As a Church of England Voluntary Aided School, we approach Religious Education in a way that will not only introduce children to an understanding of the nature of Christian beliefs and practices, but will provide a foundation for lifelong Christian learning.
Children will be encouraged in their exploration of the spiritual dimension of life and they will have the opportunity to engage with challenging questions where there is no correct answer, to discuss and justify their views while treating the views of others respectfully. Opportunities will be given for children to learn about other world faiths and belief systems. The school works closely with the Chelmsford Diocese, following their guidelines and tailoring them to meet the specific needs of the children in our care. RE is taught through an enquiry model, encouraging active learning styles, for example using art, drama, music and poetry to enhance the children’s learning experience and encourage them to think for themselves. We also learn through visits and visitors. Key questions are used to engage the children and encourage them to think broadly and deeply about questions associated with religious beliefs and practices. Our aim is to weave the three strands of theology, philosophy and human and social sciences through our RE lessons so that children are equipped to think critically and form their own views about religion and beliefs, and develop religious literacy.
Assessment in RE is undergoing change. We recognise that assessment needs to provide value to teachers, and inform their planning, helping them to meet the needs of the children in their classes. After working with the diocese on assessment techniques, the RE lead and the DHT have encouraged teachers to employ a number of strategies to assess RE and form part of an evaluation cycle. In each classroom there will be a working wall. This will help the teacher with formative assessment. Tools such as mind maps and self-assessment charts will also provide teachers with information to assess the children’s knowledge. In addition to assessing knowledge, however, we also recognise that ‘soft skills’ such as learning to express opposing views respectfully need to learnt and developed.
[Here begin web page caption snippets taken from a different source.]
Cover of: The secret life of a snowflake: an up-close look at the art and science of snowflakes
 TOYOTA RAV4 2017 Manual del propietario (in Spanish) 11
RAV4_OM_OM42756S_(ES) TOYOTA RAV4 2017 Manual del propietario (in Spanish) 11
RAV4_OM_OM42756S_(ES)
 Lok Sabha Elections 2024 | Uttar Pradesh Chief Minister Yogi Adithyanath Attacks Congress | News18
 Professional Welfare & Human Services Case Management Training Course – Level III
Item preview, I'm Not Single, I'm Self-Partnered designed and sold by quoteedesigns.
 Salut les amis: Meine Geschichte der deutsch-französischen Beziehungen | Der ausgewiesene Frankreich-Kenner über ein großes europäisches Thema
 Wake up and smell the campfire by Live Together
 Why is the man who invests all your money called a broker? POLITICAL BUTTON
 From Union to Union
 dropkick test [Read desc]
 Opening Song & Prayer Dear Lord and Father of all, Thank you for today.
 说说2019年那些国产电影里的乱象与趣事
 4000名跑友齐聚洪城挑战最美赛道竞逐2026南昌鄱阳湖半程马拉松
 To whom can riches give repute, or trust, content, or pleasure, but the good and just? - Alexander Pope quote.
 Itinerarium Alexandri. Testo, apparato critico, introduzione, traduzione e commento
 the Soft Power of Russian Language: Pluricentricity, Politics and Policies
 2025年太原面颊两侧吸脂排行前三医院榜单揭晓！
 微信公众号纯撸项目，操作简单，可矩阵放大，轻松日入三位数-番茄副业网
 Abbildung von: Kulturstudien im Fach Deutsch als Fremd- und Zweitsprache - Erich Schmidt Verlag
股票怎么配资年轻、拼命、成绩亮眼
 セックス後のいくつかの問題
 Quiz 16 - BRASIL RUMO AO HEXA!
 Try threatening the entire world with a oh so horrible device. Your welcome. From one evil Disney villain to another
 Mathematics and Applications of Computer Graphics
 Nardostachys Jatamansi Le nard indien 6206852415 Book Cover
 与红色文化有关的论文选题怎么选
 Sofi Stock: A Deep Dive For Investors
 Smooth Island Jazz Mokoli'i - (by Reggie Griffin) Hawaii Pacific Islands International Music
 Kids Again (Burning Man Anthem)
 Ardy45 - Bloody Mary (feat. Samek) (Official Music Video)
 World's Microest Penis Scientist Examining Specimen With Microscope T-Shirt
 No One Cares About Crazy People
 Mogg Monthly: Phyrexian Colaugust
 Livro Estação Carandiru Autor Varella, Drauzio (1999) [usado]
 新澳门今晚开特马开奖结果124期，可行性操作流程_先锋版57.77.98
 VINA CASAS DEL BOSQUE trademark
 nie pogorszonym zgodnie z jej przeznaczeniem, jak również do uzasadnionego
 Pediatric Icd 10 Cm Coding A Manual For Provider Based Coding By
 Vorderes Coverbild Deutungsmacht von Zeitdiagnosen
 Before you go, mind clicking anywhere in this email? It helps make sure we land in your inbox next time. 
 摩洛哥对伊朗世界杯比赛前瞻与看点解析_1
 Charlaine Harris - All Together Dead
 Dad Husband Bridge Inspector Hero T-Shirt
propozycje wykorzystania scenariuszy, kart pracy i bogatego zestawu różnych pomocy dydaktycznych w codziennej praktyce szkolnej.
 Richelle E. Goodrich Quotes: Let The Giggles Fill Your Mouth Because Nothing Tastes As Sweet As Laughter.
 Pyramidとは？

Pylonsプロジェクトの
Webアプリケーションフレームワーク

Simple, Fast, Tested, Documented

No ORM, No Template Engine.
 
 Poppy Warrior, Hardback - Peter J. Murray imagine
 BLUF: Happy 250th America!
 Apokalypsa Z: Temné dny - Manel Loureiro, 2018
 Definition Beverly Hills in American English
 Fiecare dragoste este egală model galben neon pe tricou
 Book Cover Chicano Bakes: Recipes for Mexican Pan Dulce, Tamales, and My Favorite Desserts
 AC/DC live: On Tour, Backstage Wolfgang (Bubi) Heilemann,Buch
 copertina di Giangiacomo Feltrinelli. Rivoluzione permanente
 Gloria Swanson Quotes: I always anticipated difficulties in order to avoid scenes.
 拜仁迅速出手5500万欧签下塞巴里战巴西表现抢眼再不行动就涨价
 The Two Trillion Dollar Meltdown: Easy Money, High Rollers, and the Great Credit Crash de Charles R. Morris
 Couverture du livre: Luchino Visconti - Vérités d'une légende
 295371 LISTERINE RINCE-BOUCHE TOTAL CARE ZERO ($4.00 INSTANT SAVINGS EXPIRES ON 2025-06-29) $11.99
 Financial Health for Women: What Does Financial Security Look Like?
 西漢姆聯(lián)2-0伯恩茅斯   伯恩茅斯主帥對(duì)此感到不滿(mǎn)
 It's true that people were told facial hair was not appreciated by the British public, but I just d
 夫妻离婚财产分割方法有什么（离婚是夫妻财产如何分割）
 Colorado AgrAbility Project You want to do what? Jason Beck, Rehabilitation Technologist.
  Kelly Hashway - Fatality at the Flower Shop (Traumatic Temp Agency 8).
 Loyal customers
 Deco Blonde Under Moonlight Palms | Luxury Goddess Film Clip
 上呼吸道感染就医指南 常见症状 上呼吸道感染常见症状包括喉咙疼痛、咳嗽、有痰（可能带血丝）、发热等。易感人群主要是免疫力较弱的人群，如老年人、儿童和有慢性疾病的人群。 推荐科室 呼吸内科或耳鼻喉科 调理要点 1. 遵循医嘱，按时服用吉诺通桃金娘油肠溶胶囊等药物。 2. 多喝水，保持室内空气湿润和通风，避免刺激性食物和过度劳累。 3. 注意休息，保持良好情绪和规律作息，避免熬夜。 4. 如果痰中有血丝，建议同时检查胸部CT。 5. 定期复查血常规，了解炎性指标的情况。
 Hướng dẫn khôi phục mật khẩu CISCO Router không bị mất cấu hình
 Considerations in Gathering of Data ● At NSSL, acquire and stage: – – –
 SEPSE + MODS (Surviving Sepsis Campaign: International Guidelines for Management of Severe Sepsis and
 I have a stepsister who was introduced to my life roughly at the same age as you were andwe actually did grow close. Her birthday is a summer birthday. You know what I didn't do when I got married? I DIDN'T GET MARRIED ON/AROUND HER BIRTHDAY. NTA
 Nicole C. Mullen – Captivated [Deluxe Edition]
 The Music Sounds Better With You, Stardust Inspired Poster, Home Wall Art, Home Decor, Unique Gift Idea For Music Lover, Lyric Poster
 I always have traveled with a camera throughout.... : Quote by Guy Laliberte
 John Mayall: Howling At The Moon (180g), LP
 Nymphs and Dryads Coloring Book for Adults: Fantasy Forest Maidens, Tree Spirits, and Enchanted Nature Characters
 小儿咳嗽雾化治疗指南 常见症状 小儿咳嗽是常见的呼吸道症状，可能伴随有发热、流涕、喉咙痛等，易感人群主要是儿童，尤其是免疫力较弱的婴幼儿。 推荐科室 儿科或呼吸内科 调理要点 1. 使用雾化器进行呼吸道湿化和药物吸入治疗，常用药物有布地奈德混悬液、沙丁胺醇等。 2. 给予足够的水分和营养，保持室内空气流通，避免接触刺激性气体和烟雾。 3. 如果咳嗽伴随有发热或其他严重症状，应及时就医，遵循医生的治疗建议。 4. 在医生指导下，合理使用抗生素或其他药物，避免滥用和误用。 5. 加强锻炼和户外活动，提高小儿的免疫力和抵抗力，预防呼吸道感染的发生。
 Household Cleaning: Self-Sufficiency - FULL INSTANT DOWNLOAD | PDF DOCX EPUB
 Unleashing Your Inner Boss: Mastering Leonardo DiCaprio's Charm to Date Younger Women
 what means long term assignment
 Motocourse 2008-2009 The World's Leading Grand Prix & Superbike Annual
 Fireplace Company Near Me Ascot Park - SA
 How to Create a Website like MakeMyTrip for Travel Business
Teachers employ a number of different strategies to enable them to make both formative and summative assessments. The information learnt from these will help to inform future planning.
Through our RE Curriculum and our eight core Christian values, we aim to develop and strengthen the distinctive Christian character of the school. Our eight core Christian values are thankfulness, forgiveness, respect & reverence, kindness, truthfulness, trust, friendship and responsibility.